Goal of the exercise -> Reproduce only the lines below from the line containing "LIVE Attorney Ben" to the line containing "Safavieh Classic Vintage", exactly as written, with both end lines kept. Omit the pictures.

Recorded data ->
········
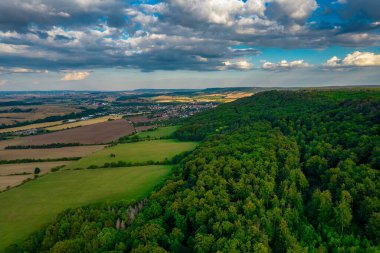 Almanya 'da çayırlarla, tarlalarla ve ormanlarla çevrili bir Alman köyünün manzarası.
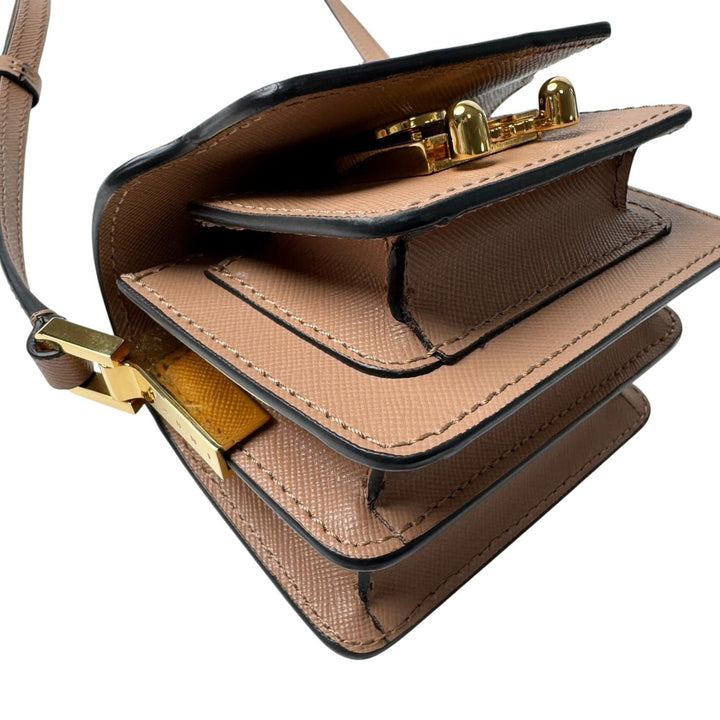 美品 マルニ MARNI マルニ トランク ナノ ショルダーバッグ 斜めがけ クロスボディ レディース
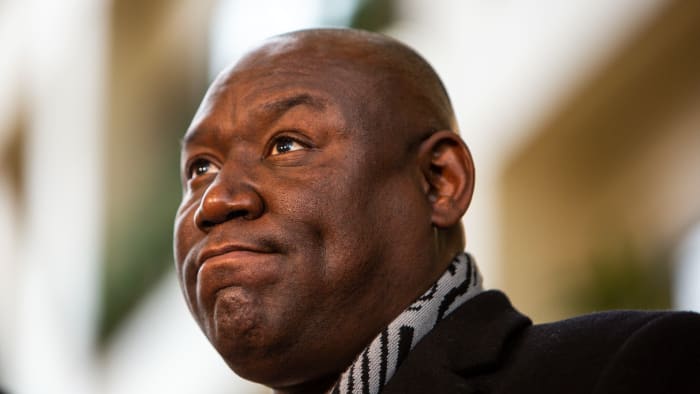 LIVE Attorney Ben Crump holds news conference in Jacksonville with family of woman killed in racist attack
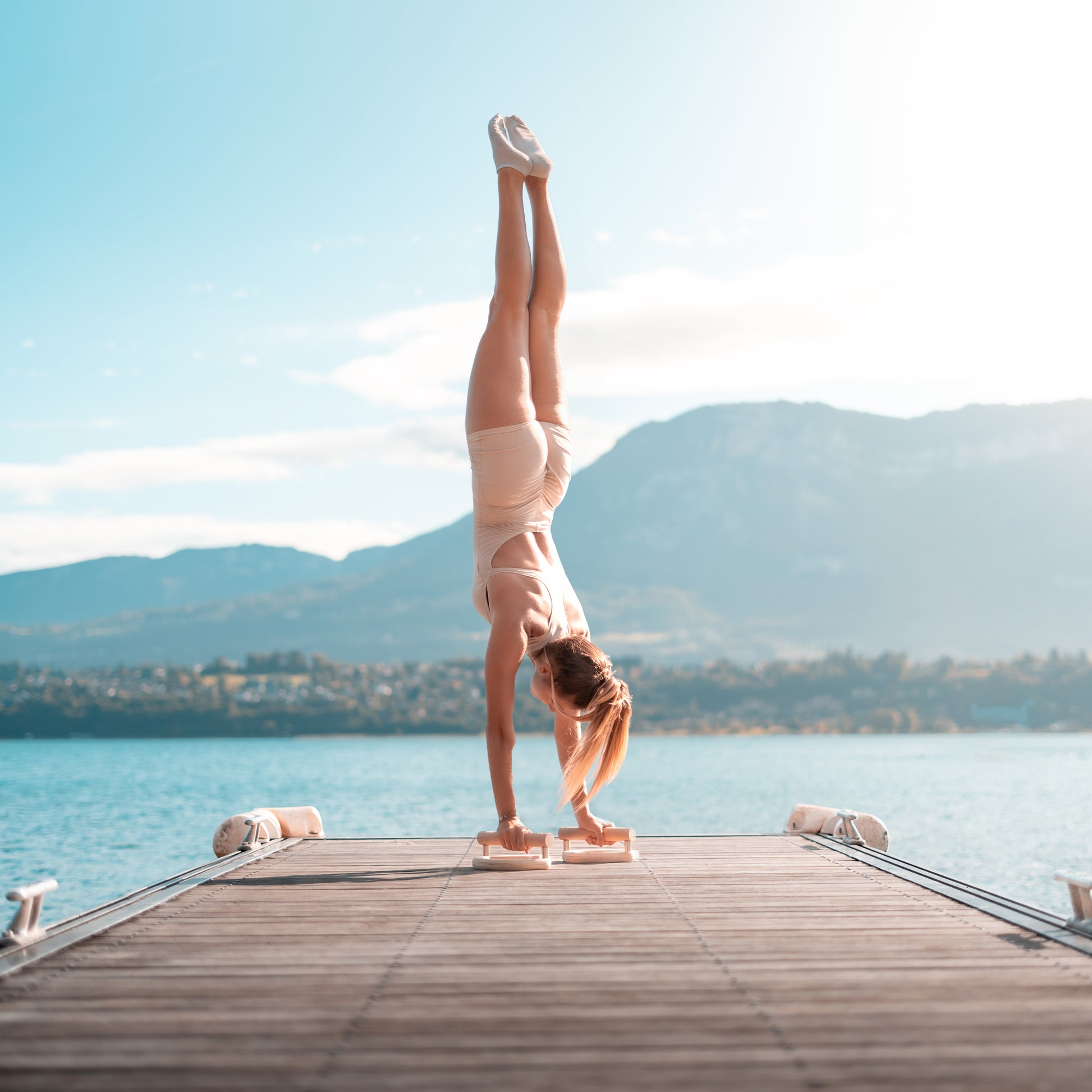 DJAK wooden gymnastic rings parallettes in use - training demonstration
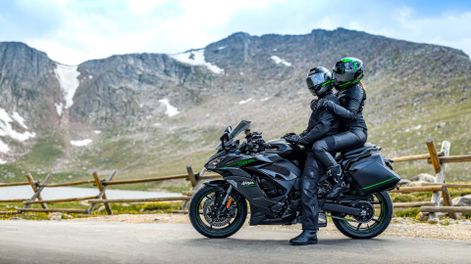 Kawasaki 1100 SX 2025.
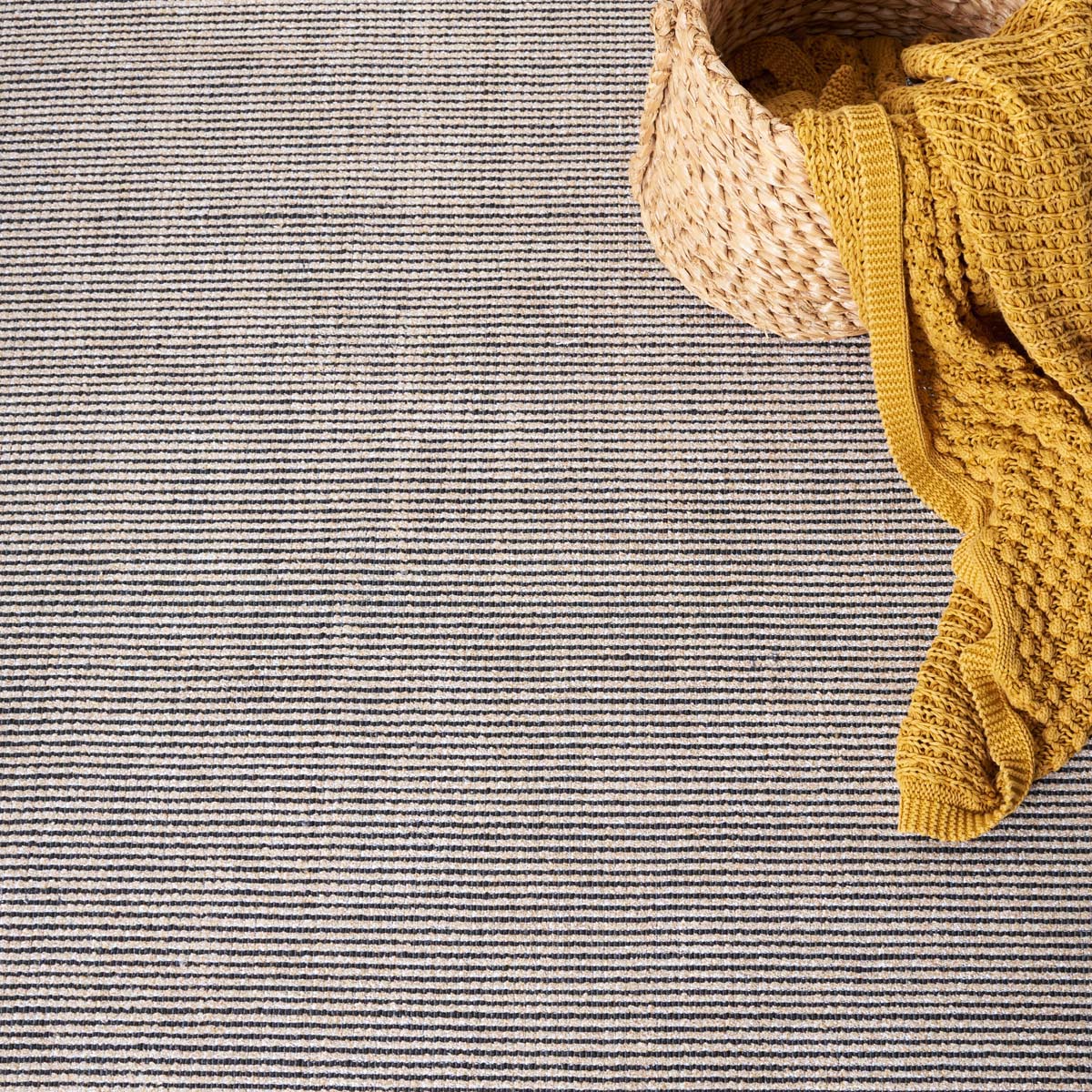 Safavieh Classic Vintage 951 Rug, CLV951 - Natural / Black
········
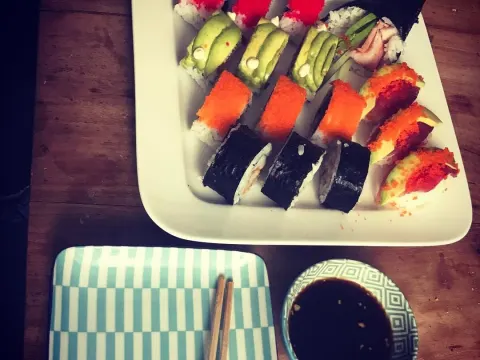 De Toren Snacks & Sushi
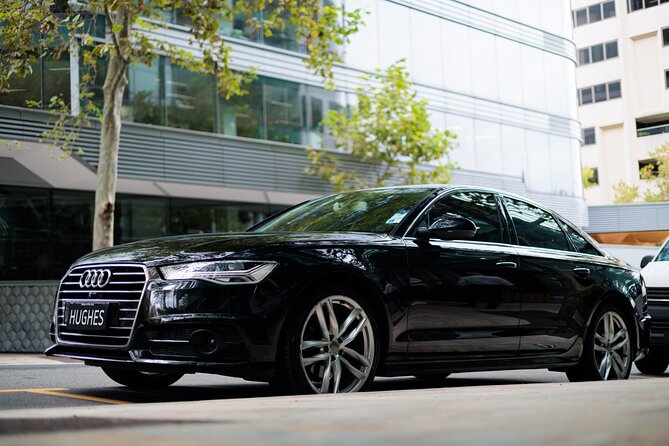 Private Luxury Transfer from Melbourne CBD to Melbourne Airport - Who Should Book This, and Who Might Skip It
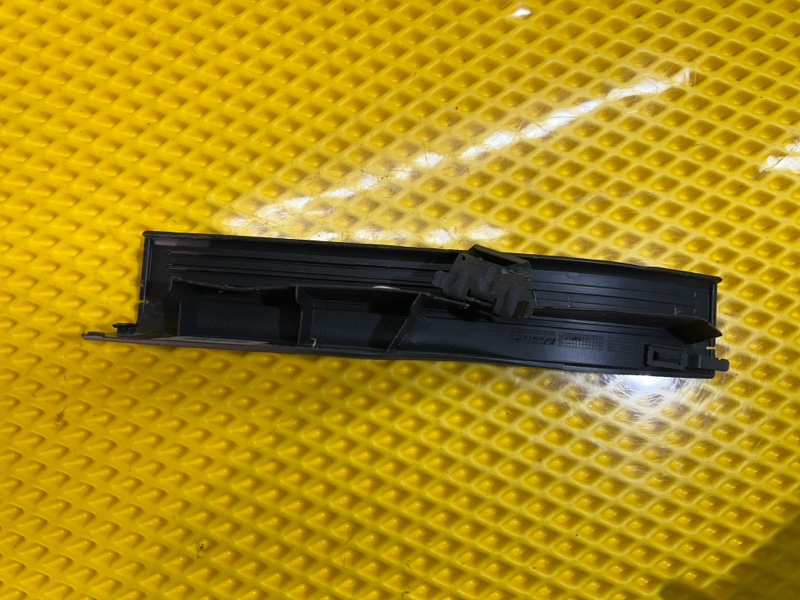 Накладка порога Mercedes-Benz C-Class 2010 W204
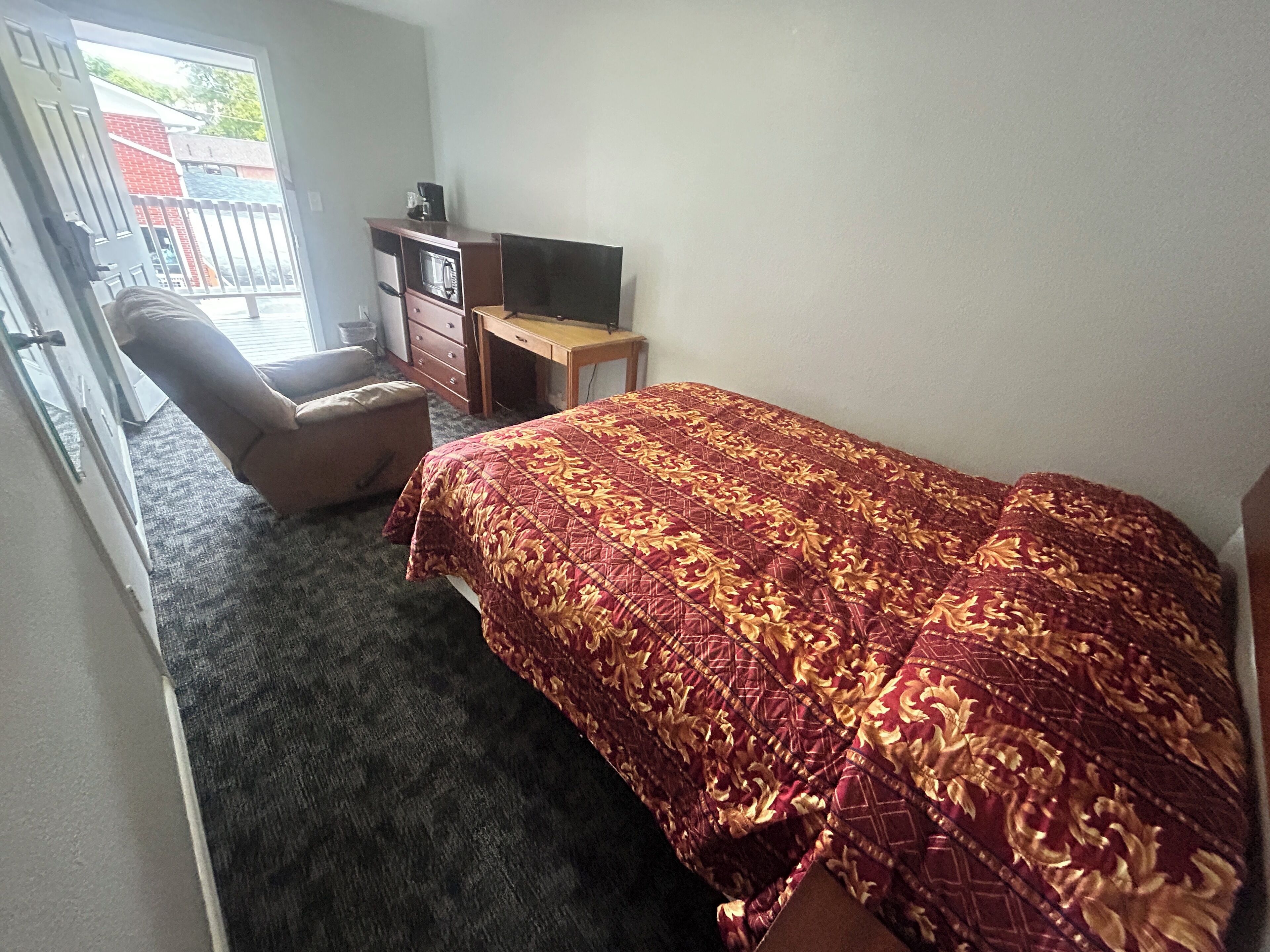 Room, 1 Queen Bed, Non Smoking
········
Result ->
 LIVE Attorney Ben Crump holds news conference in Jacksonville with family of woman killed in racist attack
 DJAK wooden gymnastic rings parallettes in use - training demonstration
 Kawasaki 1100 SX 2025.
 Safavieh Classic Vintage 951 Rug, CLV951 - Natural / Black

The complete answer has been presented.